The late Calvin Miller, who was a prominent evangelical author and seminary professor, tells the opposite story in The Vanishing Evangelical: Saving the Church from Its Own Success by Restoring What Really Matters (2013). Posthumously released by Baker Books, the work contains Miller’s farewell speech to the American church. Though it lacks the scholarly heft of Haws’ work, it also drops any pretense of academic neutrality. Miller loves evangelicalism, and he believes that it is dying. Indeed, I am still not sure what the first half of the subtitle has to do with the book; as Miller sees it, the church needs to be saved from its failure. He recounts decline, especially how the rate of church formation has not kept up with the rate of population growth. Then he savagely attacks the idea that the pendulum is bound to swing the other way: Every major civilization has declined and fallen—and the pendulum has never swung the other way to resuscitate any of them.
Haws’ narrative features many efforts by the institutional Church of Jesus Christ of Latter-day Saints to increase its name recognition with billboards, TV spots, and carefully considered press releases. Yet in its efforts to go mainstream, the Mormon hierarchy remains aware that total assimilation means destruction of its institution. As Haws concludes, to remain viable, any religious movement must be relatable enough to get a fair hearing, but different enough to maintain a separate identity that exists in some tension with the ambient culture.
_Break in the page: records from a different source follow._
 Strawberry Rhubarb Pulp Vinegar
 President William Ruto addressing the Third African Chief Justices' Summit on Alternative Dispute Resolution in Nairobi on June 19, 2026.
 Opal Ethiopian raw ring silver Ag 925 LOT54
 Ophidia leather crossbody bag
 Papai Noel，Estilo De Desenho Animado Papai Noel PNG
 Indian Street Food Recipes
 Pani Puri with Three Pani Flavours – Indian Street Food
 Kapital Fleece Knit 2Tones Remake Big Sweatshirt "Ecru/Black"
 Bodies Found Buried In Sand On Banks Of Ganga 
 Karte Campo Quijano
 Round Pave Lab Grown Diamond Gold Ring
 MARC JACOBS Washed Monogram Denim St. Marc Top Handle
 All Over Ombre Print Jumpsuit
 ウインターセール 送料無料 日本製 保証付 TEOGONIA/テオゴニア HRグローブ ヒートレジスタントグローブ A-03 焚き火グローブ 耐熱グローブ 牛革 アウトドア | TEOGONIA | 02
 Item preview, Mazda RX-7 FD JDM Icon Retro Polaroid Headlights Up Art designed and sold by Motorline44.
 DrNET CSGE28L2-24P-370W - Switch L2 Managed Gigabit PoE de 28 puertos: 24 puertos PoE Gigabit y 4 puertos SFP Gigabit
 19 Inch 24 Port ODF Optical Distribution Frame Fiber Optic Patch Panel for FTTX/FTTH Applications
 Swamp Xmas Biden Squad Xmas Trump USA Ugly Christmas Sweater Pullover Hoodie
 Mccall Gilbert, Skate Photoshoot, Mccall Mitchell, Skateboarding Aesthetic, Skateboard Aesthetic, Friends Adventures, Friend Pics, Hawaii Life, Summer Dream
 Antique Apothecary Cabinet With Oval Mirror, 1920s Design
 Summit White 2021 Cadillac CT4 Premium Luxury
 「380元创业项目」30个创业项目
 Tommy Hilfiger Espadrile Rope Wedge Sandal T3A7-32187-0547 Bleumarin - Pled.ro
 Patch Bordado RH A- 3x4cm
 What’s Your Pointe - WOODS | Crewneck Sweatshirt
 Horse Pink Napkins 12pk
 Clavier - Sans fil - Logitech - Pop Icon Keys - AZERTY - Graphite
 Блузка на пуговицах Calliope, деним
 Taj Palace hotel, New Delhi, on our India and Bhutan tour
Therefore, the LDS church must refuse to present itself as “some idiosyncratic brand of Protestantism.”
Miller, in his own way, offers the same lesson. The problem with evangelicalism today is its total assimilation; by refusing to exist in tension, it is ceasing to exist at all. But Miller offers hope for “individual survival,” adding, “I say individual because I hold not the slightest hope for the triumph of the entire faith.” The glory days are over. But individually, if we each focus on our own heart and our walk with Christ, and find one other person to disciple and encourage in the faith, then our Christianity will not be in vain. Christianity began one person at a time, and that is how it will continue. Believe it or not, says Miller, only the basics can save us now. Read your Bible, pray, worship, and believe.
The infinite but material god of Mormonism lacks spiritual power; he cannot save. But the Triune God is spirit, and His Kingdom will conquer. Though Haws and Miller don’t say so, Mormons are momentarily exuberant—but Christians are eternally triumphant.